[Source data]

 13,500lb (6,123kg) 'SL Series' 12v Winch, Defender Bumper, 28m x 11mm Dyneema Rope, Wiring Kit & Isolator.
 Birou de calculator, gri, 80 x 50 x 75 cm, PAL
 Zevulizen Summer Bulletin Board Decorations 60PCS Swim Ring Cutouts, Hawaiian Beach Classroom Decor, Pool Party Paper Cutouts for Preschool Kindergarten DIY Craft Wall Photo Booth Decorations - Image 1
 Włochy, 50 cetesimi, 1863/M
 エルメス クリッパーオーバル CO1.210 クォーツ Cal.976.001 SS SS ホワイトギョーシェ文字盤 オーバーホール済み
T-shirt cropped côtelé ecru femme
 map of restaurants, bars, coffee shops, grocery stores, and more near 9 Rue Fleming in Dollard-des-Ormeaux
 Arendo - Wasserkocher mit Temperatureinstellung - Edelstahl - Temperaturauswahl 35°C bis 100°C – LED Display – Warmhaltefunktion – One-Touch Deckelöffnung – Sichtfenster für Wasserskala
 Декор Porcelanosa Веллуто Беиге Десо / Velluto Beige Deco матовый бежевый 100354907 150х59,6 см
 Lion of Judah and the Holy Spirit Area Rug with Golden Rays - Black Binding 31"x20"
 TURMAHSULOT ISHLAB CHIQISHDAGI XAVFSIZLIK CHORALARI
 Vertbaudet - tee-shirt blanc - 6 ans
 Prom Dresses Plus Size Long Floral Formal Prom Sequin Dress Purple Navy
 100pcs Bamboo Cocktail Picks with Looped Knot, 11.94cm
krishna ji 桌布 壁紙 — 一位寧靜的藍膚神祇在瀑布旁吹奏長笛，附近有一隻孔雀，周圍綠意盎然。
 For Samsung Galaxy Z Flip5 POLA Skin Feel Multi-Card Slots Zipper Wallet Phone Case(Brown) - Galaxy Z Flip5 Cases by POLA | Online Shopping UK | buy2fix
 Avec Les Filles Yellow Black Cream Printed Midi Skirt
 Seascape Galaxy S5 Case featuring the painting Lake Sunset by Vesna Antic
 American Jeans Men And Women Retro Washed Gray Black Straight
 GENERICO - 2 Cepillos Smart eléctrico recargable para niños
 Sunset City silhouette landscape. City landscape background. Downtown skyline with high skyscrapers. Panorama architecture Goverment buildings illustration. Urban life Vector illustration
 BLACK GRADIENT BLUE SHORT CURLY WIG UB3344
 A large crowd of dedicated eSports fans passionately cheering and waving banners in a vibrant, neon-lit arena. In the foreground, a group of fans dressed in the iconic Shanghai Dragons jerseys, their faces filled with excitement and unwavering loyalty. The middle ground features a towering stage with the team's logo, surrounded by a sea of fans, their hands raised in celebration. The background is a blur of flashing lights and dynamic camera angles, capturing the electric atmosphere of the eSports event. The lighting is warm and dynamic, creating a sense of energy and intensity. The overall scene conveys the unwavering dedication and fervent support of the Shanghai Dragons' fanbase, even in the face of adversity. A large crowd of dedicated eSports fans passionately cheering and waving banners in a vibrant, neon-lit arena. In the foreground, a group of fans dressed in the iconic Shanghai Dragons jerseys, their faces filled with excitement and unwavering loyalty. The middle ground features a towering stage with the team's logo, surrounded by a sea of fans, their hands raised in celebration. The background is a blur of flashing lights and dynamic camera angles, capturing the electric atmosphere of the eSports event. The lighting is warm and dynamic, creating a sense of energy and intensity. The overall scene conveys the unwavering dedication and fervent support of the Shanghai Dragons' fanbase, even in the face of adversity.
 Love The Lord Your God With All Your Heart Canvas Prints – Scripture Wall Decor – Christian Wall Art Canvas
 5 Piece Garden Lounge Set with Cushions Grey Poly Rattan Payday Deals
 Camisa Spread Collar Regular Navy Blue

Work to complete
Give again exactly, and only, the lines above starting at the one with "Birou de calculator, gri, 80" and ending at the one with "BLACK GRADIENT BLUE SHORT CURLY WIG UB3344".

Output for this task
 Birou de calculator, gri, 80 x 50 x 75 cm, PAL
 Zevulizen Summer Bulletin Board Decorations 60PCS Swim Ring Cutouts, Hawaiian Beach Classroom Decor, Pool Party Paper Cutouts for Preschool Kindergarten DIY Craft Wall Photo Booth Decorations - Image 1
 Włochy, 50 cetesimi, 1863/M
 エルメス クリッパーオーバル CO1.210 クォーツ Cal.976.001 SS SS ホワイトギョーシェ文字盤 オーバーホール済み
T-shirt cropped côtelé ecru femme
 map of restaurants, bars, coffee shops, grocery stores, and more near 9 Rue Fleming in Dollard-des-Ormeaux
 Arendo - Wasserkocher mit Temperatureinstellung - Edelstahl - Temperaturauswahl 35°C bis 100°C – LED Display – Warmhaltefunktion – One-Touch Deckelöffnung – Sichtfenster für Wasserskala
 Декор Porcelanosa Веллуто Беиге Десо / Velluto Beige Deco матовый бежевый 100354907 150х59,6 см
 Lion of Judah and the Holy Spirit Area Rug with Golden Rays - Black Binding 31"x20"
 TURMAHSULOT ISHLAB CHIQISHDAGI XAVFSIZLIK CHORALARI
 Vertbaudet - tee-shirt blanc - 6 ans
 Prom Dresses Plus Size Long Floral Formal Prom Sequin Dress Purple Navy
 100pcs Bamboo Cocktail Picks with Looped Knot, 11.94cm
krishna ji 桌布 壁紙 — 一位寧靜的藍膚神祇在瀑布旁吹奏長笛，附近有一隻孔雀，周圍綠意盎然。
 For Samsung Galaxy Z Flip5 POLA Skin Feel Multi-Card Slots Zipper Wallet Phone Case(Brown) - Galaxy Z Flip5 Cases by POLA | Online Shopping UK | buy2fix
 Avec Les Filles Yellow Black Cream Printed Midi Skirt
 Seascape Galaxy S5 Case featuring the painting Lake Sunset by Vesna Antic
 American Jeans Men And Women Retro Washed Gray Black Straight
 GENERICO - 2 Cepillos Smart eléctrico recargable para niños
 Sunset City silhouette landscape. City landscape background. Downtown skyline with high skyscrapers. Panorama architecture Goverment buildings illustration. Urban life Vector illustration
 BLACK GRADIENT BLUE SHORT CURLY WIG UB3344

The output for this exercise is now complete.